Task requirements: Please repeat, from the entries that follow, the lines from the one containing "Head of Buddha" through the one containing "Fototapeta premium A" exactly, adding nothing.

-*-

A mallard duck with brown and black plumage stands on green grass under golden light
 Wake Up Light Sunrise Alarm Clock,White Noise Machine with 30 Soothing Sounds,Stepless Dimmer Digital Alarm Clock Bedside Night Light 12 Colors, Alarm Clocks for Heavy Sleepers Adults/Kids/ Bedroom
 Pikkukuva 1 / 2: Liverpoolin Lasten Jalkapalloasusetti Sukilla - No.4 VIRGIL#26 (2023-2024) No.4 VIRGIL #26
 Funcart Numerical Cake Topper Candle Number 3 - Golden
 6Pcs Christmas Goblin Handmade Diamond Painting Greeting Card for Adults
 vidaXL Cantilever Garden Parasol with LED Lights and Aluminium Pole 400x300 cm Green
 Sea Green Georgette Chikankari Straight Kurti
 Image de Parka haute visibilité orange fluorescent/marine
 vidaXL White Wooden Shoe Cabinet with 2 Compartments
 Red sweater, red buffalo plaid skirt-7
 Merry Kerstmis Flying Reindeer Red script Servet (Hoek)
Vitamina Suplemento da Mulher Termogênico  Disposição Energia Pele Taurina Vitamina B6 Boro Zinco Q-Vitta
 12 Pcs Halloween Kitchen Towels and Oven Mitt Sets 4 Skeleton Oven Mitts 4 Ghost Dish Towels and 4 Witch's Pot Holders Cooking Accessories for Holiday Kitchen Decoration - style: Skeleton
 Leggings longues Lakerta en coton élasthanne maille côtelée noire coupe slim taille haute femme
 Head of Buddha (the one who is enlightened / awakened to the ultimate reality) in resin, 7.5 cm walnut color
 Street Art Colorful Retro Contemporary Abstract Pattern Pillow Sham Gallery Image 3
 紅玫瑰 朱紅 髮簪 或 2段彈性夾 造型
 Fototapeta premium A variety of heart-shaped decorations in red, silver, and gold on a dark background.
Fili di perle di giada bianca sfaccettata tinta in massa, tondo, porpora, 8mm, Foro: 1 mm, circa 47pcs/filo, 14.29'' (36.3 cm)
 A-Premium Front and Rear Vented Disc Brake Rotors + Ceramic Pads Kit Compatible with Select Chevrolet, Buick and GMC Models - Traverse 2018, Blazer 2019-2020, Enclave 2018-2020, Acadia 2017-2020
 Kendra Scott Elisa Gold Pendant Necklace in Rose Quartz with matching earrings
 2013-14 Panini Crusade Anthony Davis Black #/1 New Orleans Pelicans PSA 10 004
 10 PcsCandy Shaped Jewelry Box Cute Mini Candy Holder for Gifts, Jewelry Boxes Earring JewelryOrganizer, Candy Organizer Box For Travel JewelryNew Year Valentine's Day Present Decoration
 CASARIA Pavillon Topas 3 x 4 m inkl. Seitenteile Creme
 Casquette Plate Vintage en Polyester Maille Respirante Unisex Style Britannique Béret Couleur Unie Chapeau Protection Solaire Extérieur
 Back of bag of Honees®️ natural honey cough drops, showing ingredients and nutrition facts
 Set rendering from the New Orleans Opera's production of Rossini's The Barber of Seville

-*-

Response to this task:
 Head of Buddha (the one who is enlightened / awakened to the ultimate reality) in resin, 7.5 cm walnut color
 Street Art Colorful Retro Contemporary Abstract Pattern Pillow Sham Gallery Image 3
 紅玫瑰 朱紅 髮簪 或 2段彈性夾 造型
 Fototapeta premium A variety of heart-shaped decorations in red, silver, and gold on a dark background.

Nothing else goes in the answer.